Furthermore, according to their survey results, “overall procurement practices remain largely unchanged even though enterprises are engaging in increasingly complex and risky business transformation.”  Herein lies the implied value that a seasoned legal practice seeks to bring to both enterprises and service providers as they hope to improve relationships and live up to big expectations.

Implications to Global Advisory Services

If anything, this more full-service role adopted by firms like B&M reflects the increasingly competitive landscape of the consulting & advisory services industry.  Yet, despite a lack of operational expertise, law firms like B&M might be in a unique position to capture a larger share of the third-party consulting business.  This is partly because outsourcing vendors are becoming the true masters of their domain.

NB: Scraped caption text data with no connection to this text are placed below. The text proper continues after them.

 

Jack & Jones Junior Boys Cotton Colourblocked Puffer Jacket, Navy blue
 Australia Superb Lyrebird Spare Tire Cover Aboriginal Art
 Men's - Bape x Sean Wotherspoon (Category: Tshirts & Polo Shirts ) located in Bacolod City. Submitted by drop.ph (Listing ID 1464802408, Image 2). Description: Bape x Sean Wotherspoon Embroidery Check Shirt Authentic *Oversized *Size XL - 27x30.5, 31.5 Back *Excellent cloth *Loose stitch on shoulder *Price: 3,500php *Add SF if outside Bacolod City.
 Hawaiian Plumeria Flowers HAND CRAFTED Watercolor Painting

In addition to their investments in scale, advanced technologies and plentiful offshored resources, buyers are leaning on vendor expertise to improve processes.  One finding of the B&S survey revealed that customers care more about results and less about how things actually get done.  Furthermore, stronger relationships between the vendor and buyer community, and transparency into vendor capability are also streamlining the vendor selection process.

In short, outsourcing best practices are becoming more established and requiring less third-party intervention from an operational perspective.  However, as sourcing relationships grow and evolve past the terms of their original contract, lawyers could be well positioned to mediate between parties to ensure lasting productive relationships.